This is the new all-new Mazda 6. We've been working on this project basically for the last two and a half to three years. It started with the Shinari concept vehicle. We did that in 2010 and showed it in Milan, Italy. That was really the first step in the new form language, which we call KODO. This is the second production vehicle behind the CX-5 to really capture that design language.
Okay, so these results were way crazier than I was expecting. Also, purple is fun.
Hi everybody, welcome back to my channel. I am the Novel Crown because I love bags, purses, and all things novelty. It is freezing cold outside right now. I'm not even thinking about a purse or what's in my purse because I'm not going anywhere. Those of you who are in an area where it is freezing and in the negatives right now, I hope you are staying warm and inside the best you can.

▬▬▬

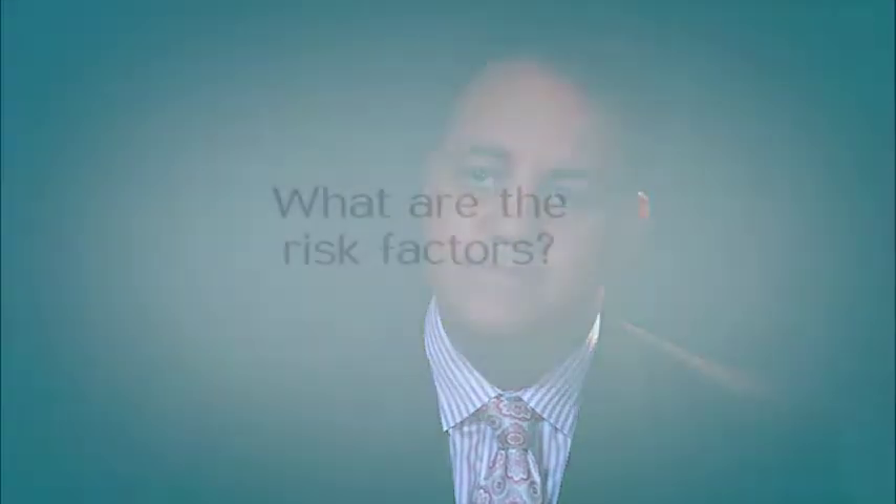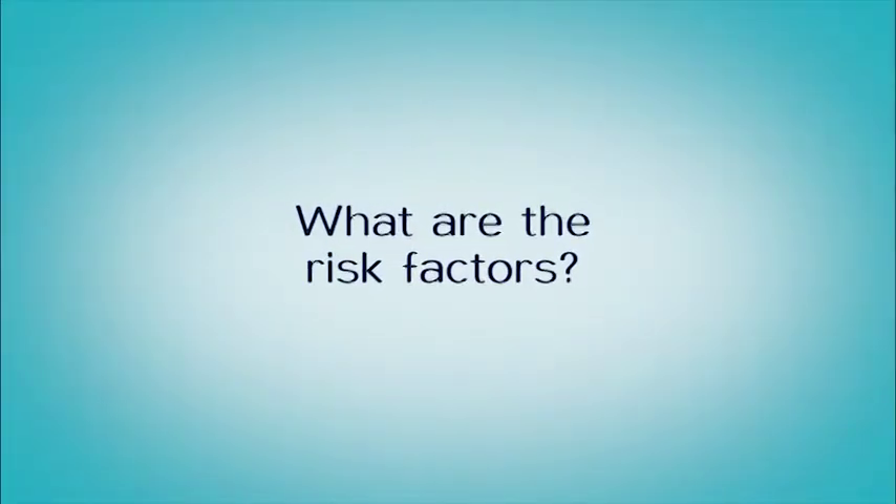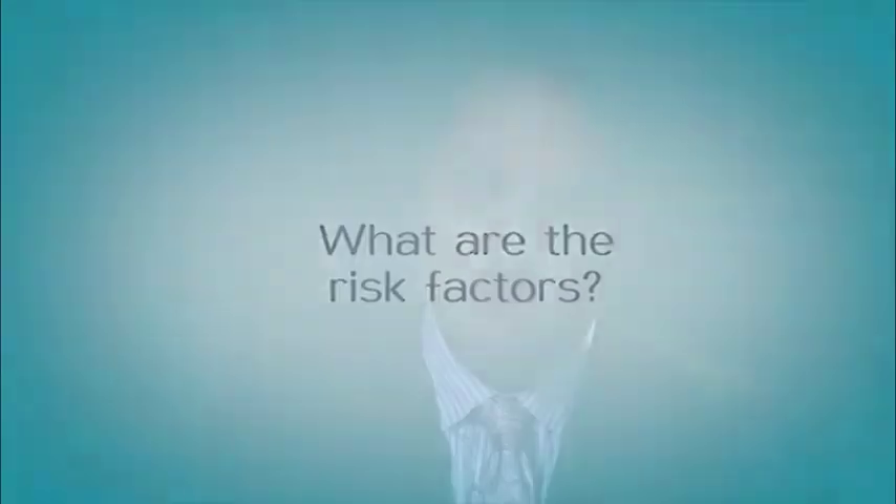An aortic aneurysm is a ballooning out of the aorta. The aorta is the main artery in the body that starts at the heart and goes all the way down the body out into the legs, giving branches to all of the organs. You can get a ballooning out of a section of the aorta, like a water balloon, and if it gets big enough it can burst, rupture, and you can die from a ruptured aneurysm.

▬▬▬

• What you need to do
Starting with the line that holds "Okay, so these" and ending with the line that holds "Hi everybody, welcome", retype every line in the data above exactly, and nothing else.

• Your solution
Okay, so these results were way crazier than I was expecting. Also, purple is fun.
Hi everybody, welcome back to my channel. I am the Novel Crown because I love bags, purses, and all things novelty. It is freezing cold outside right now. I'm not even thinking about a purse or what's in my purse because I'm not going anywhere. Those of you who are in an area where it is freezing and in the negatives right now, I hope you are staying warm and inside the best you can.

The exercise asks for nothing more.